OneFS implements various types of internal locking mechanisms along with the means to resolve the locks. These mechanisms are used across end-user protocols, system jobs, and file system domains. There are four types of lock events that InsightIQ tracks which are important for performance monitoring:
The Locked File Systems Events Rate measures the number of locks the system has at any given time. The higher this number, the more work your cluster is performing. Every file access requires a lock, so the higher this number, the more files and more processing the cluster is performing.
The blocked and contended numbers are two aspects of the same phenomenon. When a thread requests access to a file that another thread has already locked, the new thread will block. This action causes the blocked count to increase while the thread that has the lock is notified that another thread is requesting access to the file. This result causes the contended count to increase. A high blocked number or contended number that is sustained for a long time can indicate that the workload is suboptimal. lightly shifting the workload or access may improve performance. Oftentimes, this contention is caused by internal cluster operations, such as taking snapshots or running SyncIQ simultaneously on the same dataset.
Providing a reasonable value for this metric is difficult as the workload influences how often a blocked event will occur. The number will scale with the number of nodes and total workload on the system.

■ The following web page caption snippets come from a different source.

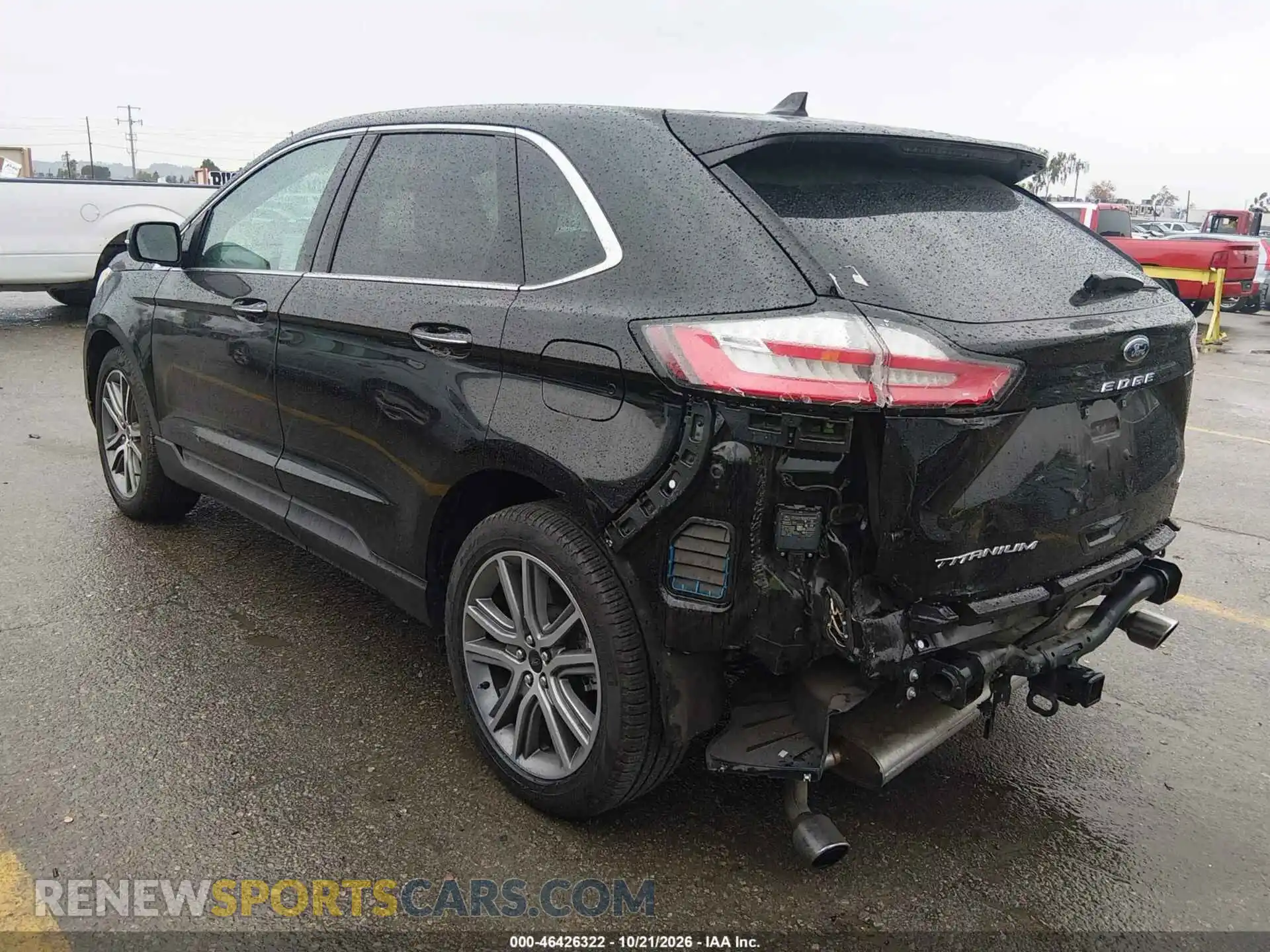 3 Photograph of a damaged car 2FMPK4K92PBA47868 FORD EDGE 2023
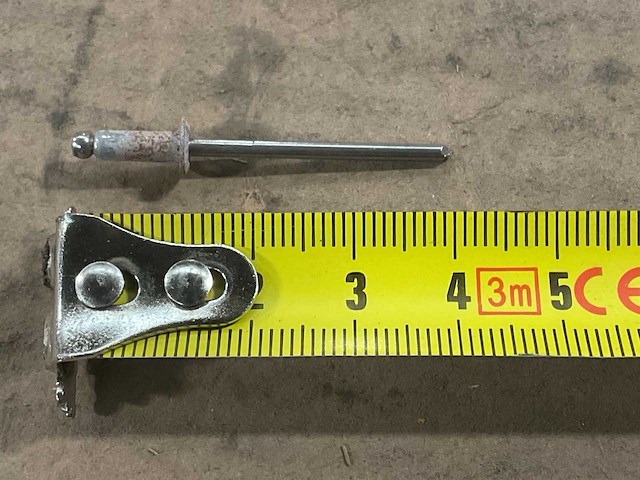 Partij blindklinknagels - afbeelding 3 van  5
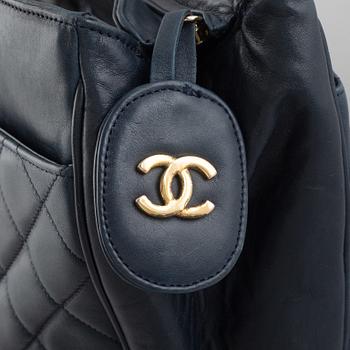 Chanel, bag, "Supermodel Tote", vintage.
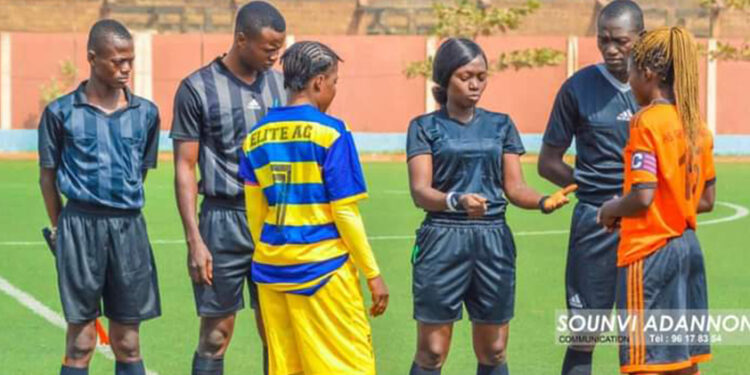 Championnat féminin de football 2023-2024 : Le calendrier disponible avec des nouveautés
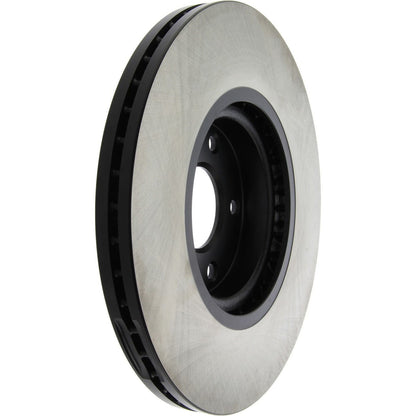 Stoptech 08-09 Infiniti EX35 / 05-08 G35 / 06-08 Nissan 350Z Front CRYO Premium High-Carbon Rotor 125.42080CRY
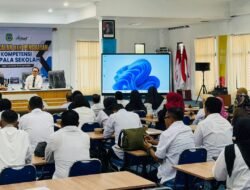 Dikbud Perkuat Kepemimpinan Kepsek Lewat Pembekalan Intensif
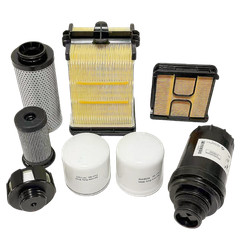 Filter Service Kit For Bobcat Compact Track Loader T595 T630 T450 T550 T590 T650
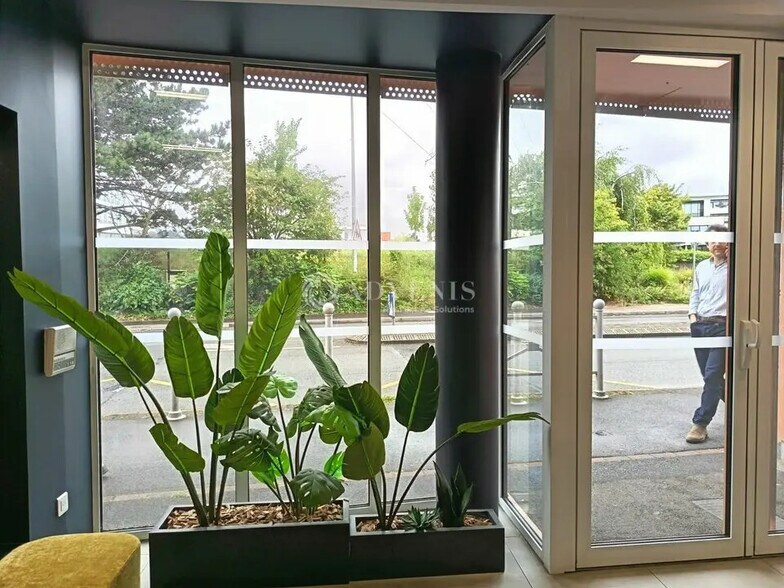 Bureau dans VILLENEUVE-D'ASCQ à louer - Photo de l’immeuble – Image 2 sur 9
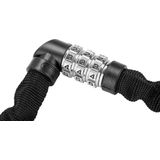 Abus - Web 1200 Kettenschloss 60cm schwarz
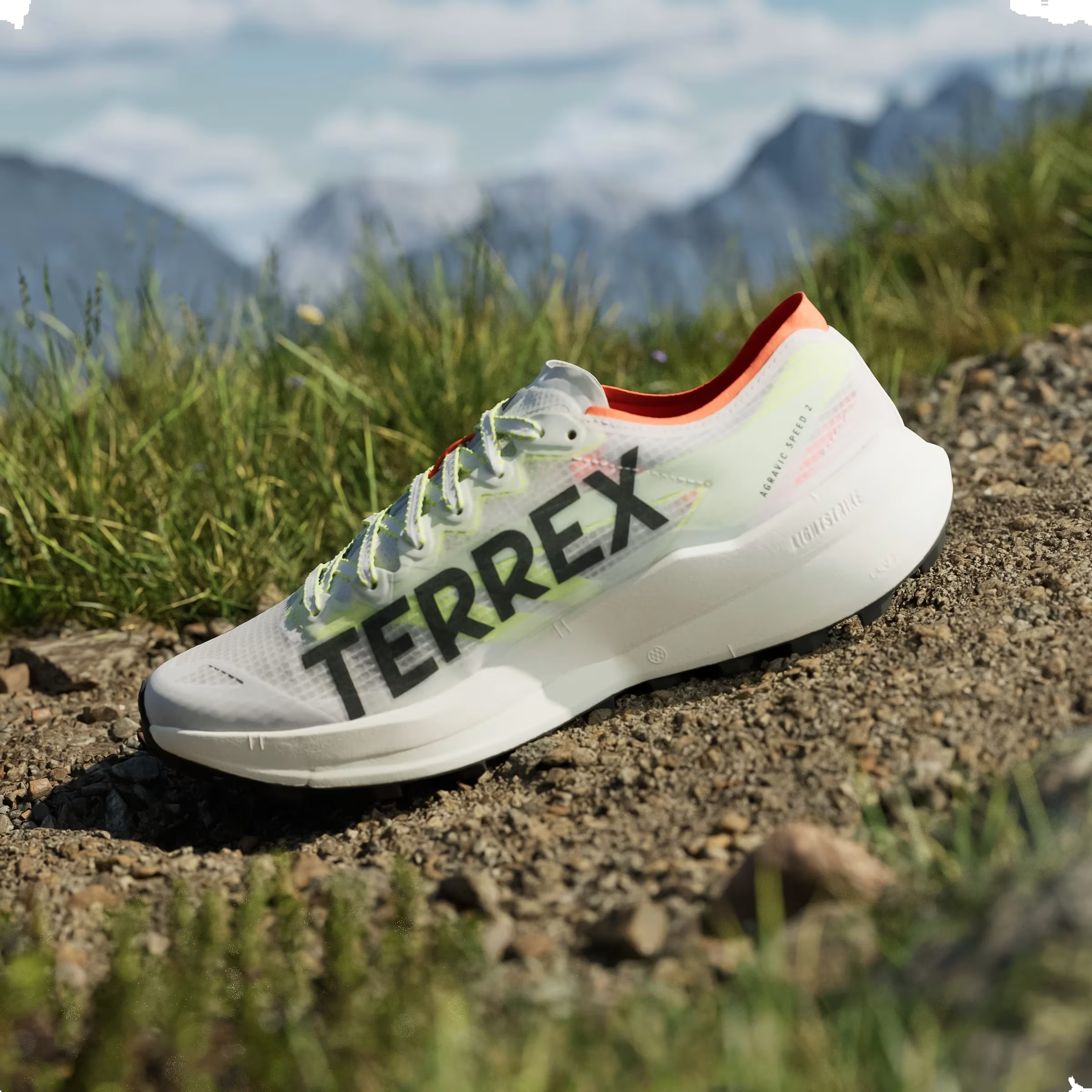 adidas Terrex Agravic Speed 2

The most serious issues occur with the deadlock type of events. OneFS tries to avoid deadlocks, although they are expected in certain situations by design in order to improve performance. Breaking a deadlock is expensive in that the threads that are deadlocked need to unwind their work and try again. The Deadlocked File System Events Rate counts the number of occurrences where a lock had to be forcibly broken by the system. Generally, you should have zero occurrences. A very small number that spans a large time period is not a cause for concern. A high rate that happens frequently signifies a potential issue.